- WORK REQUEST
Where the data below has the string "what", return the whole line.

- MATERIAL TO PROCESS
##########
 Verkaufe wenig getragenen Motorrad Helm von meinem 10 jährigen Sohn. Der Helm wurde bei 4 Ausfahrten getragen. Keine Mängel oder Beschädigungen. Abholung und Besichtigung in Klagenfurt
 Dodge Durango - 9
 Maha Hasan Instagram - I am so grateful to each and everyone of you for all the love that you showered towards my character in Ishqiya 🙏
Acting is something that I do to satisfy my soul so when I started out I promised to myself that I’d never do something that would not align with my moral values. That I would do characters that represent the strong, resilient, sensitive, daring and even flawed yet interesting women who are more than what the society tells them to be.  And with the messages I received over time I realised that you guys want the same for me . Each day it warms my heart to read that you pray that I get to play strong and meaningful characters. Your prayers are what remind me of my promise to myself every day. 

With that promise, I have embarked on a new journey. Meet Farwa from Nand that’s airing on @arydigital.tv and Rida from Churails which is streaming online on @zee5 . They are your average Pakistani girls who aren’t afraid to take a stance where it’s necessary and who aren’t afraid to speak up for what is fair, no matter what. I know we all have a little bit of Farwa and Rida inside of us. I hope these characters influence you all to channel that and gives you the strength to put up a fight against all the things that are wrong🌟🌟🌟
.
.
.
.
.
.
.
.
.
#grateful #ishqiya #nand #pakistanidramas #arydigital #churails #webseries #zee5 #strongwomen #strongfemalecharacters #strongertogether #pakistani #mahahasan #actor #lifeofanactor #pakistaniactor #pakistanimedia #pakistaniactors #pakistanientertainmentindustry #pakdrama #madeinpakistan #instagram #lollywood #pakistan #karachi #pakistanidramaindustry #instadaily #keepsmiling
##########
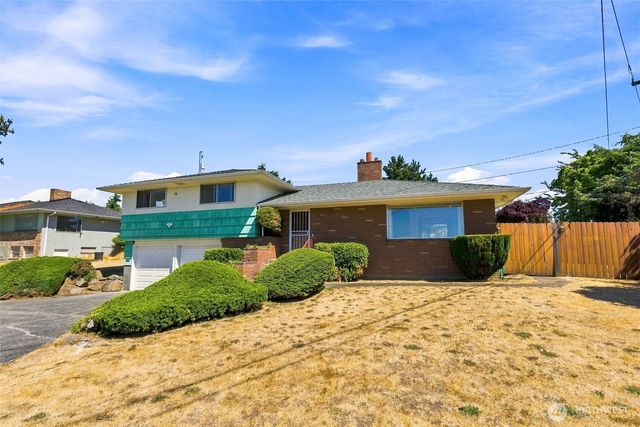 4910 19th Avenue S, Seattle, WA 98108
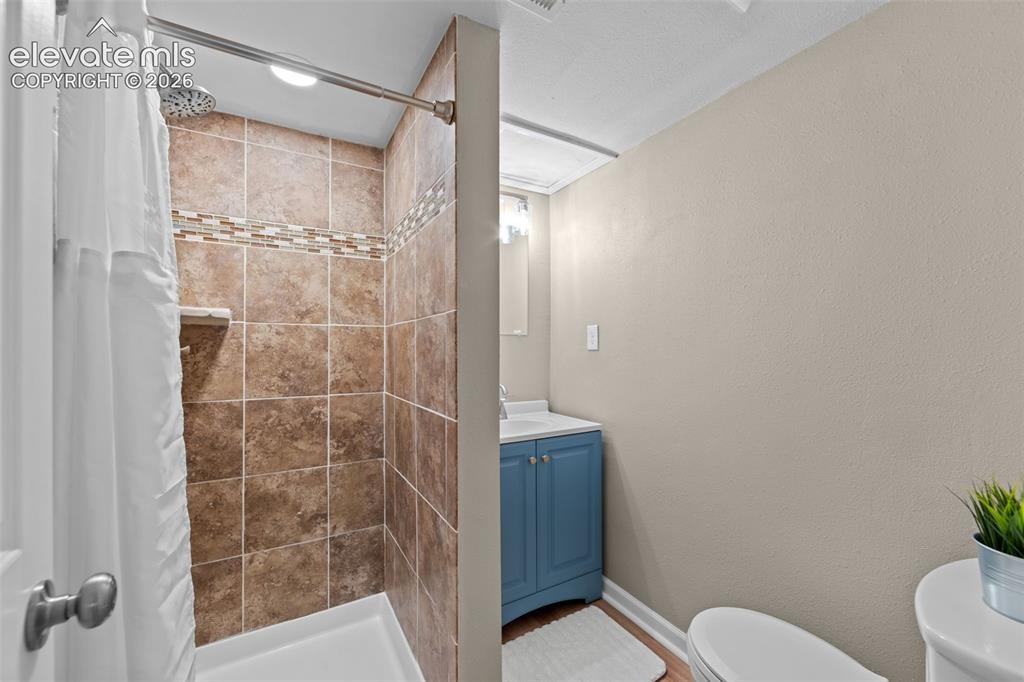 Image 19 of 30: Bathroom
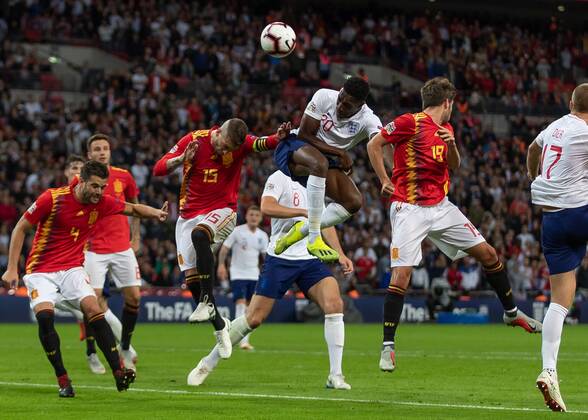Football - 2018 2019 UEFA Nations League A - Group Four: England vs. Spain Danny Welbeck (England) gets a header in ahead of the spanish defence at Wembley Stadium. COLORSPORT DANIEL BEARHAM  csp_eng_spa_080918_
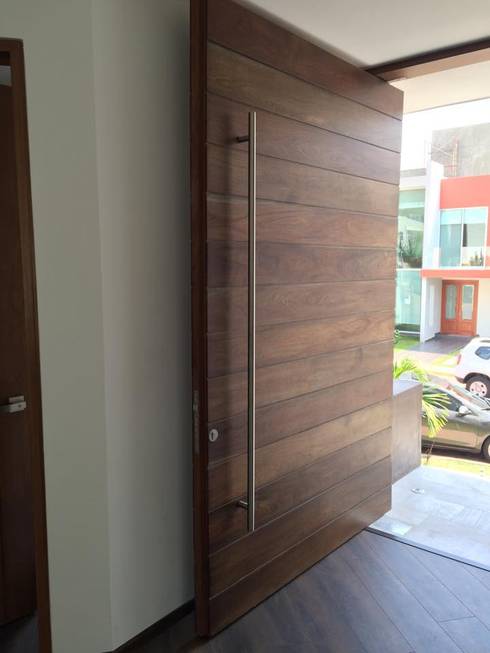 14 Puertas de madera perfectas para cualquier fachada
##########
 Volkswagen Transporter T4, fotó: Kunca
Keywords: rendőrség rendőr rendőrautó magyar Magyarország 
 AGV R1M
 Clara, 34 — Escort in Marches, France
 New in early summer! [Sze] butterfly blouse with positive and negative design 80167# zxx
##########
- YOUR RESPONSE
Acting is something that I do to satisfy my soul so when I started out I promised to myself that I’d never do something that would not align with my moral values. That I would do characters that represent the strong, resilient, sensitive, daring and even flawed yet interesting women who are more than what the society tells them to be.  And with the messages I received over time I realised that you guys want the same for me . Each day it warms my heart to read that you pray that I get to play strong and meaningful characters. Your prayers are what remind me of my promise to myself every day. 
With that promise, I have embarked on a new journey. Meet Farwa from Nand that’s airing on @arydigital.tv and Rida from Churails which is streaming online on @zee5 . They are your average Pakistani girls who aren’t afraid to take a stance where it’s necessary and who aren’t afraid to speak up for what is fair, no matter what. I know we all have a little bit of Farwa and Rida inside of us. I hope these characters influence you all to channel that and gives you the strength to put up a fight against all the things that are wrong🌟🌟🌟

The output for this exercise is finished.